* _Exercise brief_
Retype exactly what appears below from the line containing "Alright guys, Jack" down to the line containing "Moving around to", keeping both end lines. Do not include pictures.

* _Given data_
- Opening Delimiter -

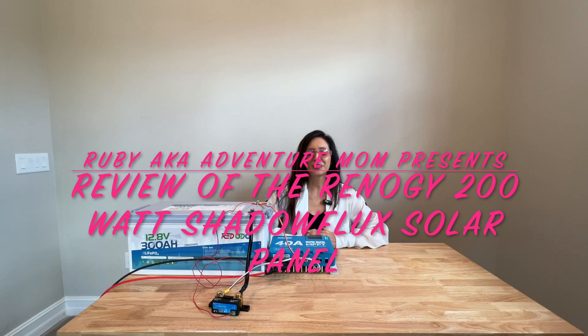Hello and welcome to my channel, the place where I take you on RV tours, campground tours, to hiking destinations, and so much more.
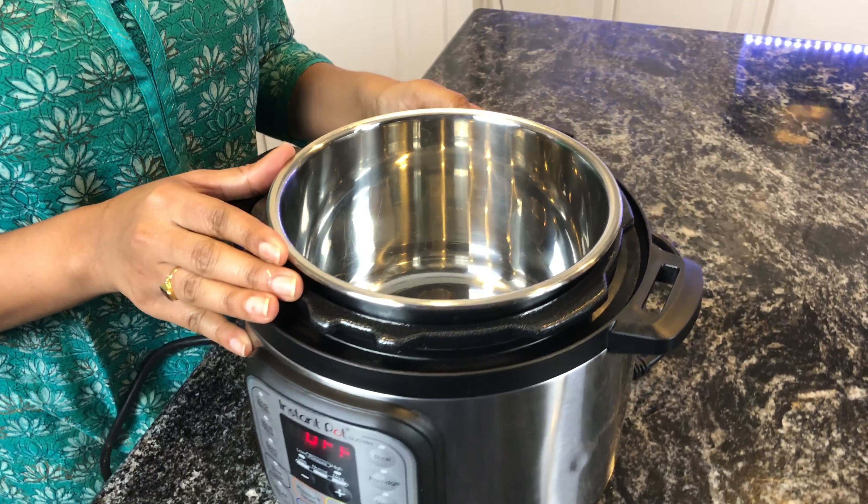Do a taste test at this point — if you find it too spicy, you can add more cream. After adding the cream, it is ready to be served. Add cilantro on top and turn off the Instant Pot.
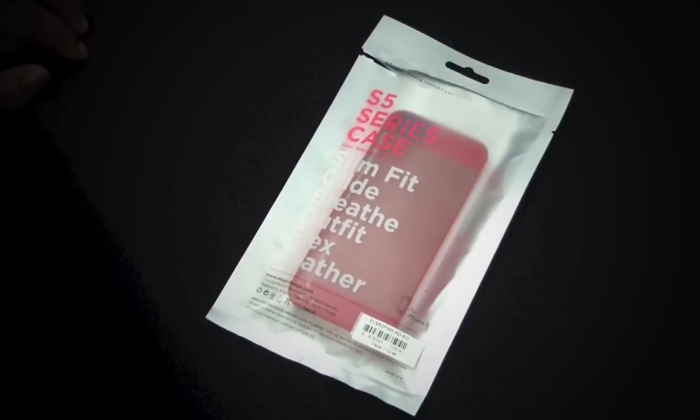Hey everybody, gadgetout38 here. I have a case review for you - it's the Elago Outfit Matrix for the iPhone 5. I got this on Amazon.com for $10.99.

- Closing Delimiter -
- Opening Delimiter -

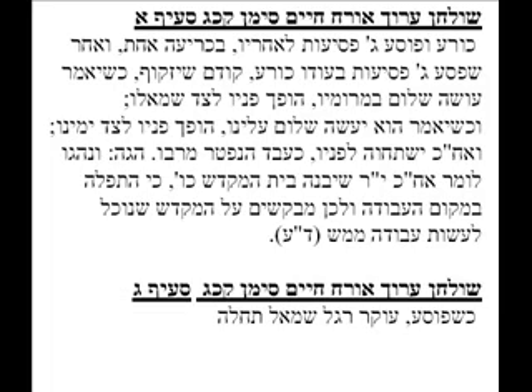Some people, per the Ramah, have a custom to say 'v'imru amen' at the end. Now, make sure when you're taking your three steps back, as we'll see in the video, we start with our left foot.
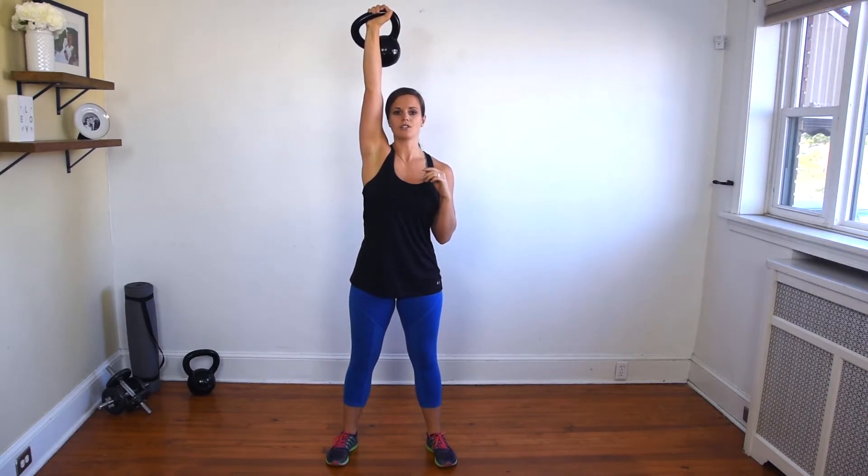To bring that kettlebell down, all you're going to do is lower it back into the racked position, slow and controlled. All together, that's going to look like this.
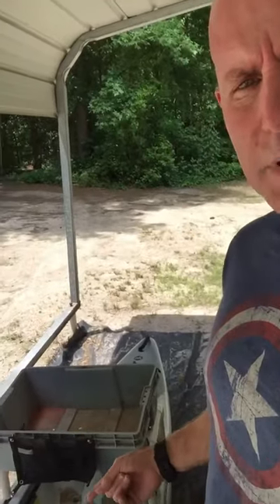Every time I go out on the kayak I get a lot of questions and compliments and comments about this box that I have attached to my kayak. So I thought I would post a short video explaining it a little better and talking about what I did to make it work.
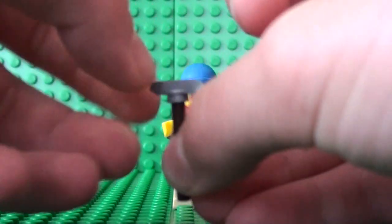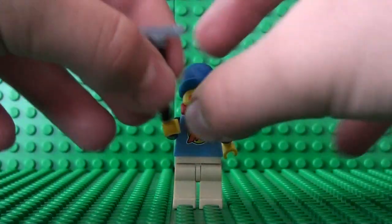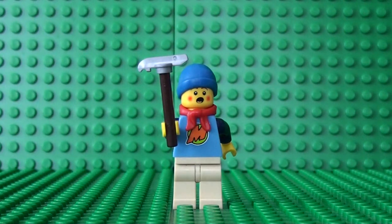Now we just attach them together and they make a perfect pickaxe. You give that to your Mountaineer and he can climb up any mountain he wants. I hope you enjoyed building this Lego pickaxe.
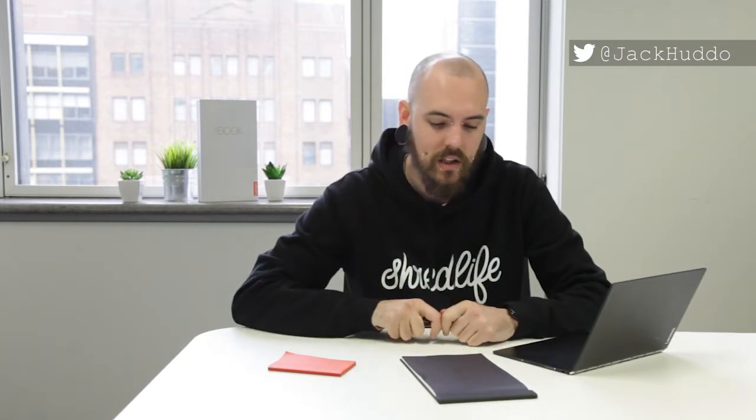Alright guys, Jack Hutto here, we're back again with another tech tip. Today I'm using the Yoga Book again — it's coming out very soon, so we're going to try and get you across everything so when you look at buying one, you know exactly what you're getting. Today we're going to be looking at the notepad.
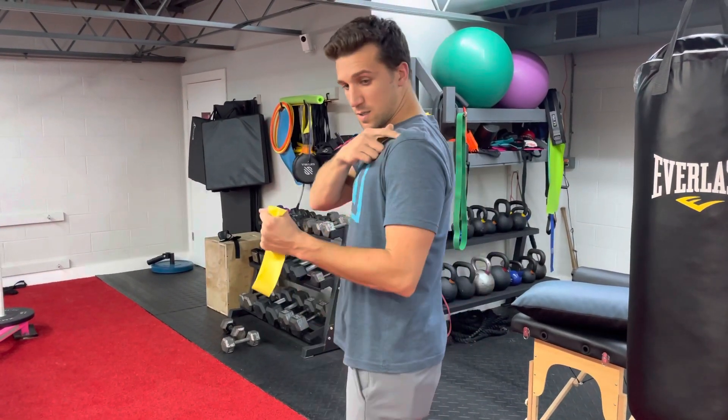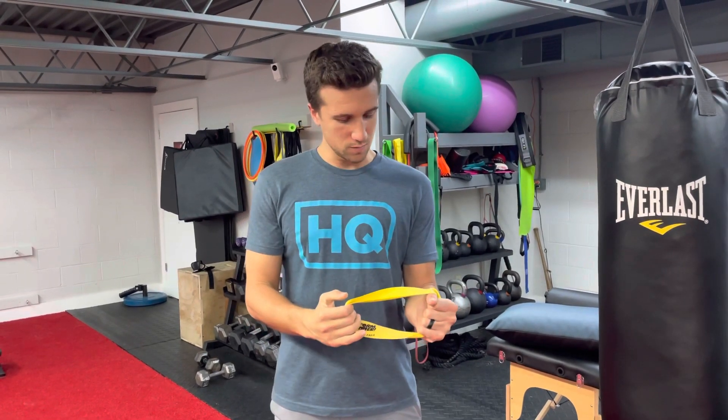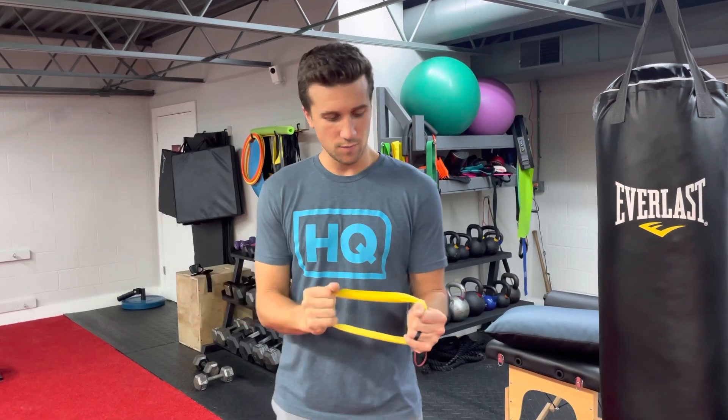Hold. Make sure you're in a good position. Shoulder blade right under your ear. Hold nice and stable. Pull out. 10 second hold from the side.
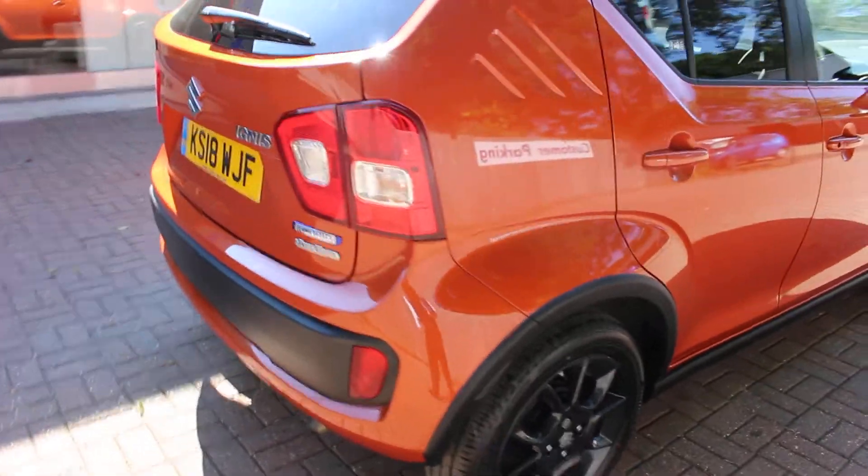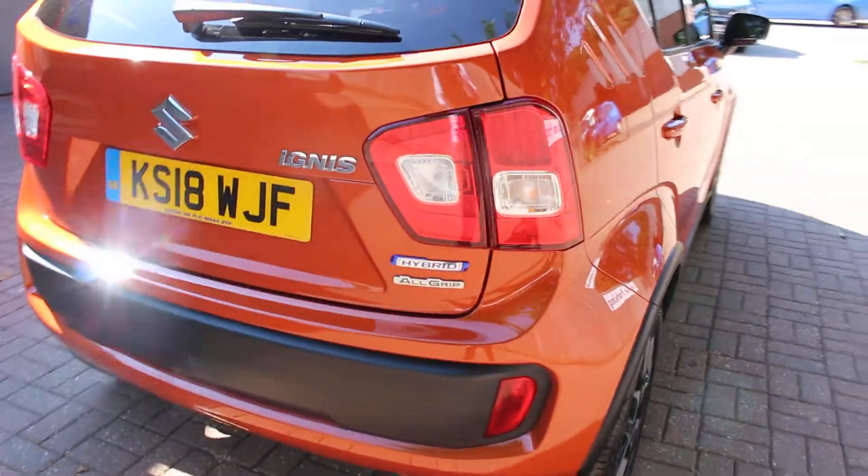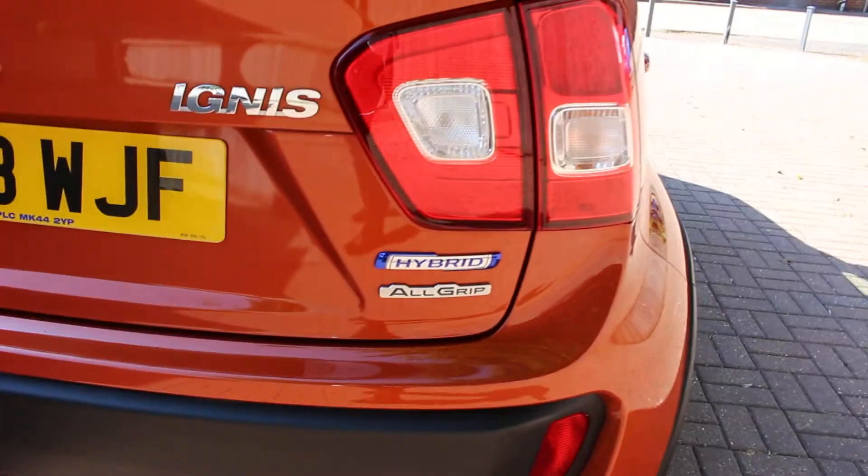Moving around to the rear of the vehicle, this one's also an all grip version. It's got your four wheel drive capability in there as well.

- Closing Delimiter -

* _Finished exercise_
Alright guys, Jack Hutto here, we're back again with another tech tip. Today I'm using the Yoga Book again — it's coming out very soon, so we're going to try and get you across everything so when you look at buying one, you know exactly what you're getting. Today we're going to be looking at the notepad.
Hold. Make sure you're in a good position. Shoulder blade right under your ear. Hold nice and stable. Pull out. 10 second hold from the side.
Moving around to the rear of the vehicle, this one's also an all grip version. It's got your four wheel drive capability in there as well.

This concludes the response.